**Task item:**
Print every line of the material below exactly as it stands, but omit the pictures.
--- Task material ---
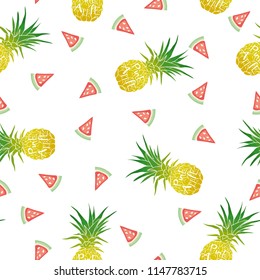 Vector Seamless Pattern with Pineapples, fruit, summer, texture, print, yellow food design decoration fabric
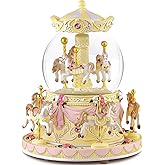 Music Box Carousel Horse Snow Globe with Color Light, Carousel Musical for Christmas Anniversary Birthday Gift for Girls Daughter Women Mom Granddaughter Play You are My Sunshine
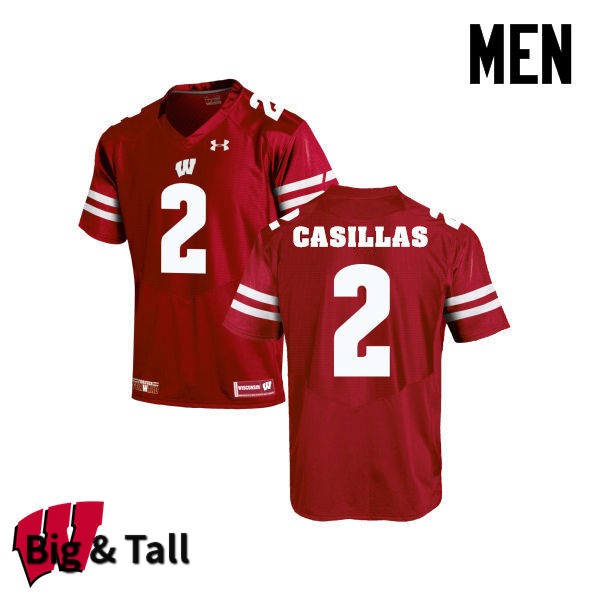 Wisconsin Badgers Men's #2 Jonathan Casillas NCAA Under Armour Authentic Red Big & Tall College Stitched Football Jersey ZD40D84QD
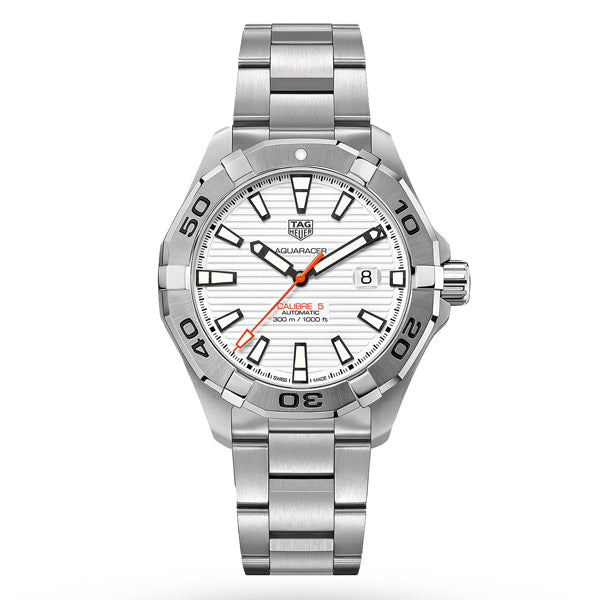 Shop Authentic Tag Heuer Aquaracer Calibre 5 Automatic White Dial Silver Steel Strap Watch for Men - WAY2013.BA0927 - Luxxuri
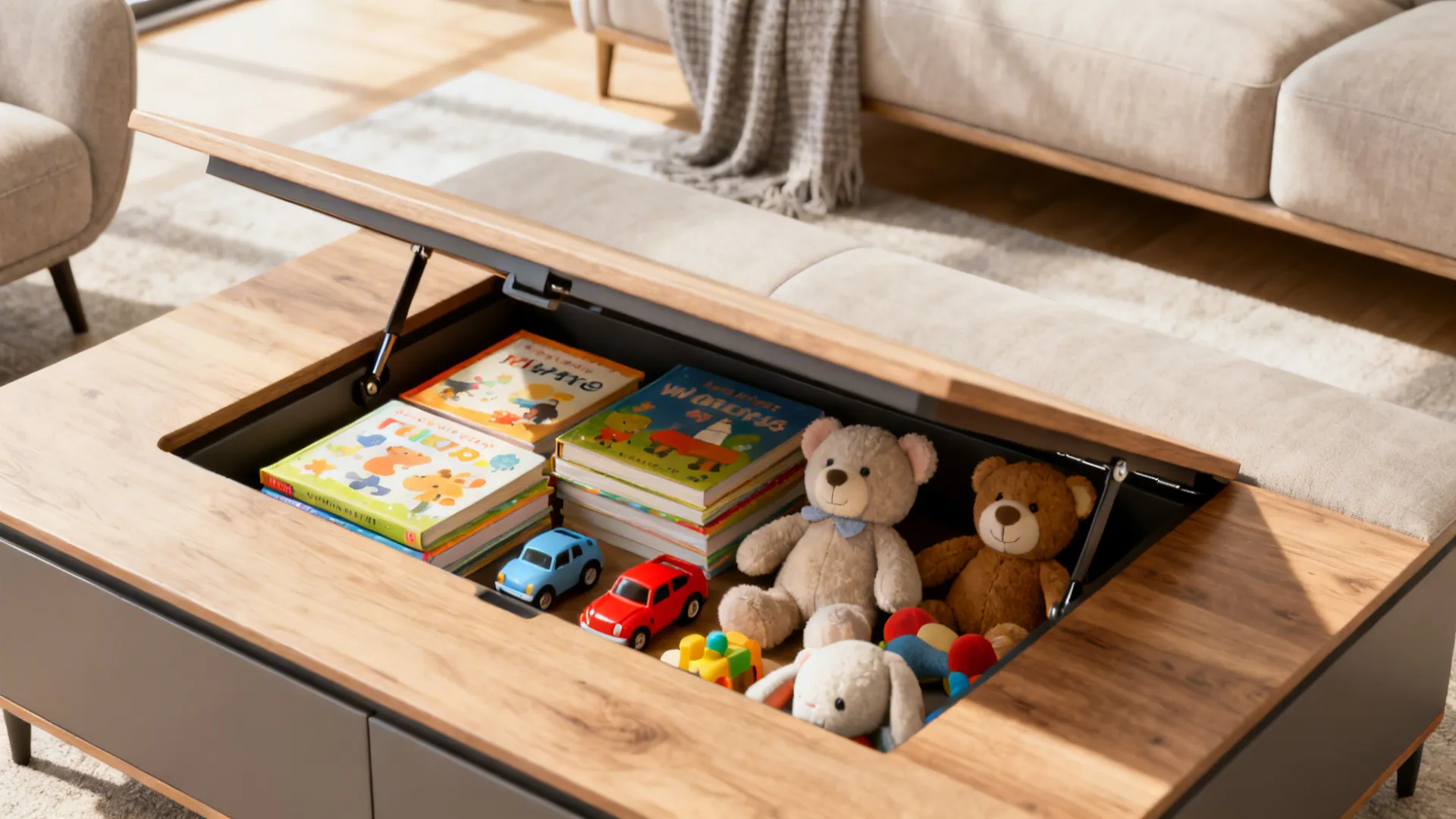 Lift-top coffee table open to show organized toy storage inside.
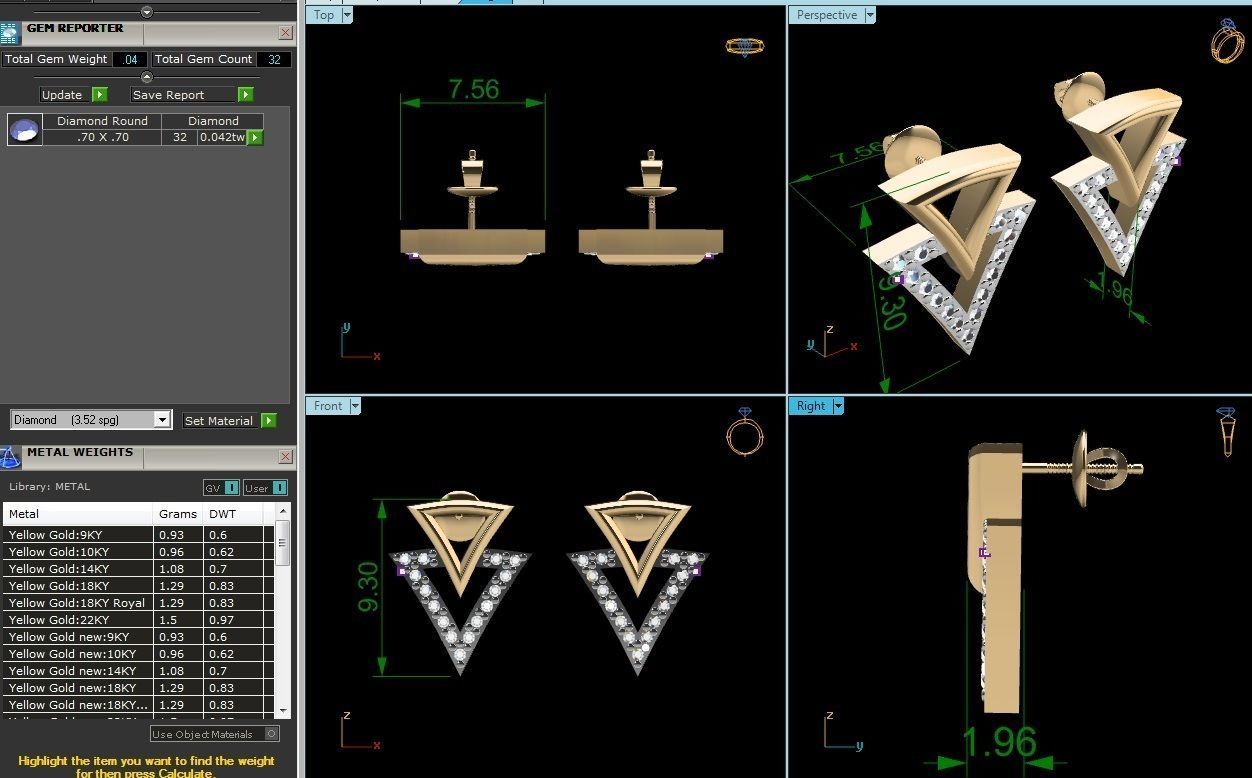 Earrings-2891 gold earring with diamonds 3D print model_1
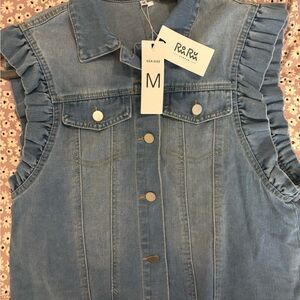 Ruffled Denim Vest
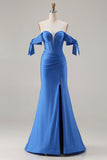 Royal Blue Off The Shoulder Mermaid Satin Prom Dress With Slit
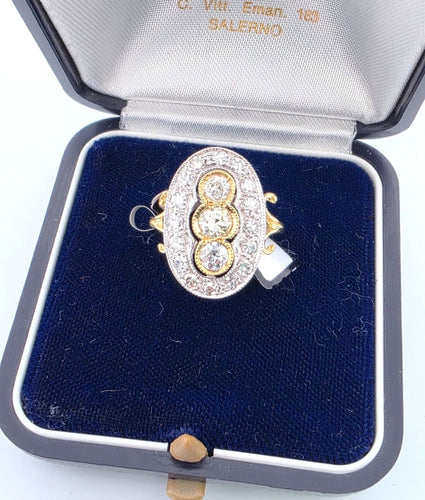 Bague 53 Bague en or jaune 18 carats et argent avec diamants 58 Facettes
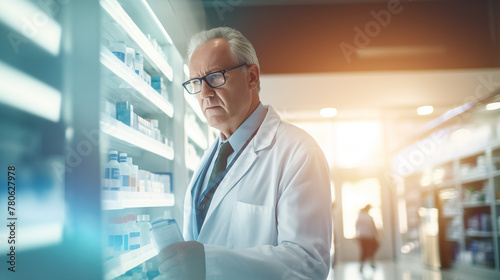 Smiling pharmacist in a pharmacy with a customer, examining an X-ray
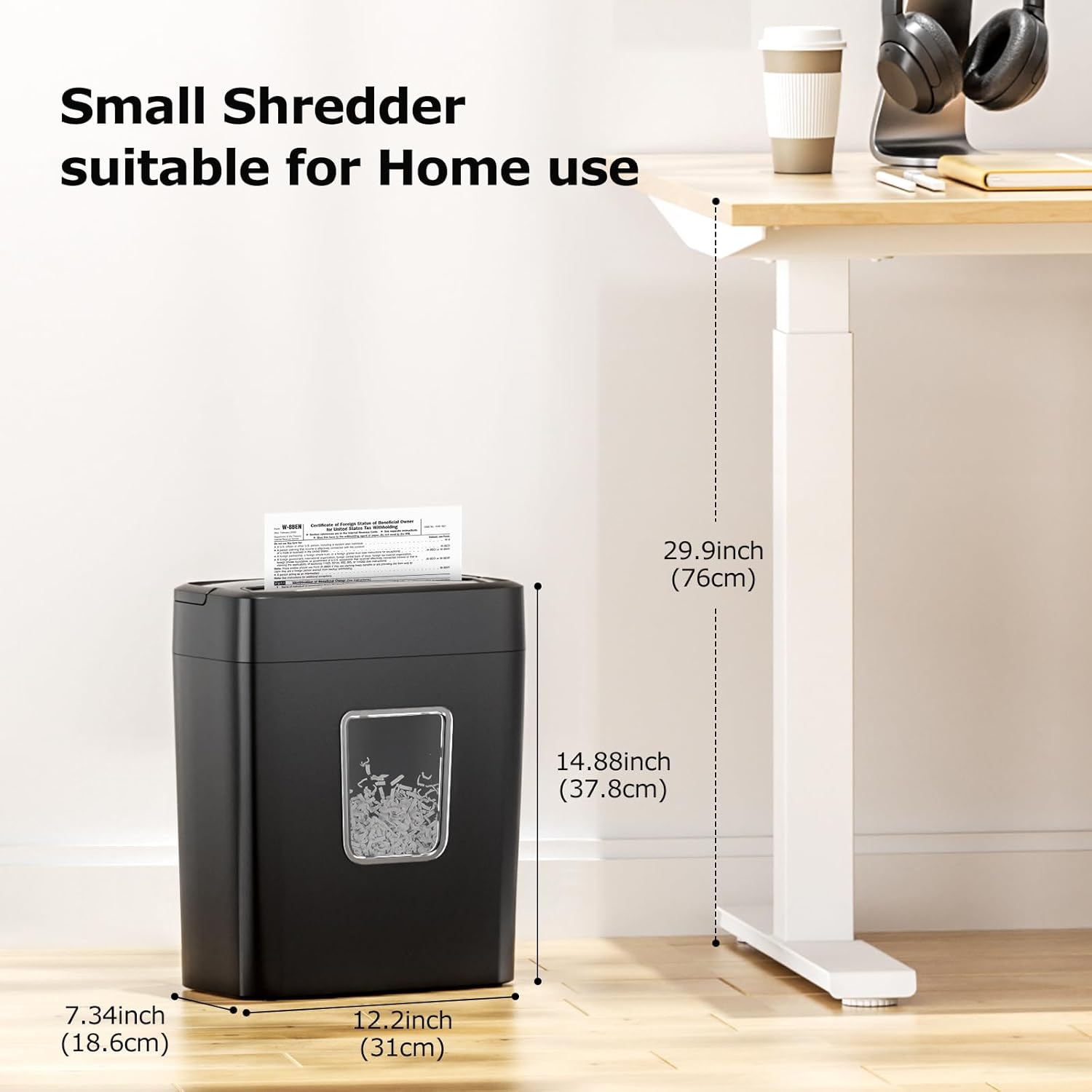 8-Sheet Cross Cut Paper Shredder with 4.2 Gallon Bin, P-4 Security Level Shredder for Home Office, Shreds Paper, Credit Cards, Staples, and Mail - PuriLite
---
**Output of the task:**
 Vector Seamless Pattern with Pineapples, fruit, summer, texture, print, yellow food design decoration fabric
 Music Box Carousel Horse Snow Globe with Color Light, Carousel Musical for Christmas Anniversary Birthday Gift for Girls Daughter Women Mom Granddaughter Play You are My Sunshine
 Wisconsin Badgers Men's #2 Jonathan Casillas NCAA Under Armour Authentic Red Big & Tall College Stitched Football Jersey ZD40D84QD
 Shop Authentic Tag Heuer Aquaracer Calibre 5 Automatic White Dial Silver Steel Strap Watch for Men - WAY2013.BA0927 - Luxxuri
 Lift-top coffee table open to show organized toy storage inside.
 Earrings-2891 gold earring with diamonds 3D print model_1
 Ruffled Denim Vest
 Royal Blue Off The Shoulder Mermaid Satin Prom Dress With Slit
 Bague 53 Bague en or jaune 18 carats et argent avec diamants 58 Facettes
 Smiling pharmacist in a pharmacy with a customer, examining an X-ray
 8-Sheet Cross Cut Paper Shredder with 4.2 Gallon Bin, P-4 Security Level Shredder for Home Office, Shreds Paper, Credit Cards, Staples, and Mail - PuriLite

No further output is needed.